--- ACTION ITEM ---
The answer is to be an exact copy of the lines below running from the line with "Shopper im Walmart" down to the line with "Un'immagine da un'aula", both ends included, and nothing more.

--- RECORDS PROVIDED Enclosed Below ---

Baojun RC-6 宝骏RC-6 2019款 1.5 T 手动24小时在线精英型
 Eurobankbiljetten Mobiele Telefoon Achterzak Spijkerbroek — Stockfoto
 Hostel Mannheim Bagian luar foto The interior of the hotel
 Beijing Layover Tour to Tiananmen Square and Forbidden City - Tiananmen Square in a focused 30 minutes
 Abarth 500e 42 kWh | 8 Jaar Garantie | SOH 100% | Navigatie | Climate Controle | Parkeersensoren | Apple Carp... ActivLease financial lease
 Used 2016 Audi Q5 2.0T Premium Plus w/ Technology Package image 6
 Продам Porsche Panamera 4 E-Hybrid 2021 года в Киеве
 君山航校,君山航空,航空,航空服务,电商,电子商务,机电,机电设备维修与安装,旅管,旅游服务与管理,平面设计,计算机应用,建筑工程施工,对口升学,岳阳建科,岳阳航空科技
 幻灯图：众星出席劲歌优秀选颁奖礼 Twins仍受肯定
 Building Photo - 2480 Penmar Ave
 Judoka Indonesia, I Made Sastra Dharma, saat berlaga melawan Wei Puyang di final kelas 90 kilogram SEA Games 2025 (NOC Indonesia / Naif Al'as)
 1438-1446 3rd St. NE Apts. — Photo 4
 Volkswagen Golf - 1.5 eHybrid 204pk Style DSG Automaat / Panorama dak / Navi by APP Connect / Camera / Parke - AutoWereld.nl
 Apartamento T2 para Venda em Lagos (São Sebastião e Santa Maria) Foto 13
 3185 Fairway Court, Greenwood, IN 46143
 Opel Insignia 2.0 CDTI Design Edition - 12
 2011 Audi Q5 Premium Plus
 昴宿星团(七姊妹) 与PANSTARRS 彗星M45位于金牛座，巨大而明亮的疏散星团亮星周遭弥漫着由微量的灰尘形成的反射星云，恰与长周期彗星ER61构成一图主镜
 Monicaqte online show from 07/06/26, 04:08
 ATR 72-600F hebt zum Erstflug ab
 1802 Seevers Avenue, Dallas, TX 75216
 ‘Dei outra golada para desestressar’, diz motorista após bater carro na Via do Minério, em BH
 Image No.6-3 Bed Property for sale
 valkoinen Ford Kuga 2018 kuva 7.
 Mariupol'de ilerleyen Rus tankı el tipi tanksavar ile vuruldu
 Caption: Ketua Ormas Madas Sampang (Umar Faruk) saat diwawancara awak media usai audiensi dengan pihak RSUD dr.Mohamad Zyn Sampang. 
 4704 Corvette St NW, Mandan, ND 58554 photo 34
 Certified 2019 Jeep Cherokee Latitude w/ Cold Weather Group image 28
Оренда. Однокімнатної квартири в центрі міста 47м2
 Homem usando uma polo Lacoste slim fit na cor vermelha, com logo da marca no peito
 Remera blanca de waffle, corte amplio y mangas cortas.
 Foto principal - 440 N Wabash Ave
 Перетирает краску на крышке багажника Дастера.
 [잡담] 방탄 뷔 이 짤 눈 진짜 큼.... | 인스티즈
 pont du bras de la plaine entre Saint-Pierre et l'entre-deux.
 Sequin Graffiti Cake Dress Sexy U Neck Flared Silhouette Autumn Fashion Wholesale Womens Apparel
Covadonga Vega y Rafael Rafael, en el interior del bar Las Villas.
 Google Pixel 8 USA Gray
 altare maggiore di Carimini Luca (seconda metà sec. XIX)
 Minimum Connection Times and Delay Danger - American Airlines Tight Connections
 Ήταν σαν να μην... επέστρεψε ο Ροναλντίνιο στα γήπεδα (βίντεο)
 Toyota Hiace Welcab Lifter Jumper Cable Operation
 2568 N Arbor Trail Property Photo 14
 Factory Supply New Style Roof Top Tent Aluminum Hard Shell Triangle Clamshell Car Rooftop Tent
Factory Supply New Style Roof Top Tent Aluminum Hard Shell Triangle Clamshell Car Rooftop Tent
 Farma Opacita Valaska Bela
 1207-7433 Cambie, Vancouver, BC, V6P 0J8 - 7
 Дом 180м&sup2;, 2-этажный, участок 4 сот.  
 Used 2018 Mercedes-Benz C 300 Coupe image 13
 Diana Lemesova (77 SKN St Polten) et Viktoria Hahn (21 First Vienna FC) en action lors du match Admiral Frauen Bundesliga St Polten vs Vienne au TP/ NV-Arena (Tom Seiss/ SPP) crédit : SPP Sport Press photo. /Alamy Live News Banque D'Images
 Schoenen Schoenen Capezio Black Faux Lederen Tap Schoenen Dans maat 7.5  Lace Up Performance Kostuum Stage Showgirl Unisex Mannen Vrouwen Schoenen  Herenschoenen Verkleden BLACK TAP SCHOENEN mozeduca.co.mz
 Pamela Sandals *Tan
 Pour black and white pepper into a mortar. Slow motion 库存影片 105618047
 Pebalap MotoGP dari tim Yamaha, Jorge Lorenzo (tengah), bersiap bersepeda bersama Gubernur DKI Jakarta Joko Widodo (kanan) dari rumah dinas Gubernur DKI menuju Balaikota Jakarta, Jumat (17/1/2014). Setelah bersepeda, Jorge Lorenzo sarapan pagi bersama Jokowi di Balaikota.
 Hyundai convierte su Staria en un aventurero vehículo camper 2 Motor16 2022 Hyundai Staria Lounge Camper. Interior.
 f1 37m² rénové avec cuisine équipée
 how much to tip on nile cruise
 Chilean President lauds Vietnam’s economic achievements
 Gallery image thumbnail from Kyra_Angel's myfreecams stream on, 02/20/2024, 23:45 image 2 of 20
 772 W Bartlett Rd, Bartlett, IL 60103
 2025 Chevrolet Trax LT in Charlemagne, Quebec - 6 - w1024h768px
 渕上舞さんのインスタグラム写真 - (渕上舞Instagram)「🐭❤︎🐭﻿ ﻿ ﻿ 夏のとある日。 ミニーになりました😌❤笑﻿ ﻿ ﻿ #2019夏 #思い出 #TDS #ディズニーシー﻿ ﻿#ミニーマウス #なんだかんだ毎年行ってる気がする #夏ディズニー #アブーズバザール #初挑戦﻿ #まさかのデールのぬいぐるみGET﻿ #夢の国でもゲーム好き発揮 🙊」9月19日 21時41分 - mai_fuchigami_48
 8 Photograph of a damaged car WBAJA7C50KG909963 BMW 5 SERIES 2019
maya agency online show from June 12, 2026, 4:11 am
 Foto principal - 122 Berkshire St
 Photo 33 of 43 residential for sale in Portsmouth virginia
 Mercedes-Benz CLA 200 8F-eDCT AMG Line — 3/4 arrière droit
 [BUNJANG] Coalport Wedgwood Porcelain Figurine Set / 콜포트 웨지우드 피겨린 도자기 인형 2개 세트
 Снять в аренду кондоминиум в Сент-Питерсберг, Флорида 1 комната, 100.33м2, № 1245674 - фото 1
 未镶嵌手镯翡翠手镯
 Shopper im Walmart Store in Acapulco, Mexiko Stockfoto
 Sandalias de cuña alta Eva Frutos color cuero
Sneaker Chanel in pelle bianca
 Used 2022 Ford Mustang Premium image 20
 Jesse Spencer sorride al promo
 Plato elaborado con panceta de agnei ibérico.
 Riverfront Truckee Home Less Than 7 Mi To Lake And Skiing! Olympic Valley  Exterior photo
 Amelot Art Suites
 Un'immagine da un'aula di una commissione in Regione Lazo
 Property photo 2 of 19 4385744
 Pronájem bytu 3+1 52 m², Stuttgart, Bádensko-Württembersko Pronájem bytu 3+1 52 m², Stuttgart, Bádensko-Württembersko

--- End of Enclosed RECORDS PROVIDED ---

--- OUTPUT OF THE EXERCISE ---
 Shopper im Walmart Store in Acapulco, Mexiko Stockfoto
 Sandalias de cuña alta Eva Frutos color cuero
Sneaker Chanel in pelle bianca
 Used 2022 Ford Mustang Premium image 20
 Jesse Spencer sorride al promo
 Plato elaborado con panceta de agnei ibérico.
 Riverfront Truckee Home Less Than 7 Mi To Lake And Skiing! Olympic Valley  Exterior photo
 Amelot Art Suites
 Un'immagine da un'aula di una commissione in Regione Lazo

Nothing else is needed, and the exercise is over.